Ga naar inhoud | Ga naar hoofdmenu | Ga naar het zoekpaneel

Sukkot

Kaart

informatie uit woordenboek

Succoth

hutten.

1. De eerste kampplaats van de Israëlieten na het verlaten van Rameses [Ex 12:37 ]; de civiele naam van Pithom (zie aldaar).

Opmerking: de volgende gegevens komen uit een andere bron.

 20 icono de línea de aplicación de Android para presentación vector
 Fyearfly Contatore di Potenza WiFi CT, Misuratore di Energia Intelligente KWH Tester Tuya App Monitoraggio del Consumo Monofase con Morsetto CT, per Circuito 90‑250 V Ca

2. Een stad ten oosten van de Jordaan, geïdentificeerd met Tell Dar'ala, een hoge heuvel, een massa puin, in de vlakte ten noorden van Jabbok en ongeveer een mijl daarvandaan [Jz 13:27 ]. Hier bouwde Jakob [Gn 32:17 ; Gn 32:30 ; Gn 33:17 ], op zijn terugkeer uit Paddan-Aram na zijn ontmoeting met Esau, een huis voor zichzelf en maakte hutten voor zijn vee. De vorsten van deze stad weigerden op onvriendelijke wijze hulp te bieden aan Gideon en zijn 300 mannen toen ze "moe maar achtervolgend" een van de bendes van de vluchtende Midianieten volgden na de grote overwinning bij Gilboa. Na deze bende in Karkor te hebben ingehaald en verslagen, bezocht Gideon bij zijn terugkeer de heersers van de stad met een zware straf. "Hij nam de oudsten van de stad, en doornen van de woestijn en distels, en daarmee leerde hij de mannen van Sukkot" [Ri 8:13 -16]. Op deze plaats werden de gieterijen opgericht voor het gieten van het metaalwerk voor de tempel [1Kn 7:46 ].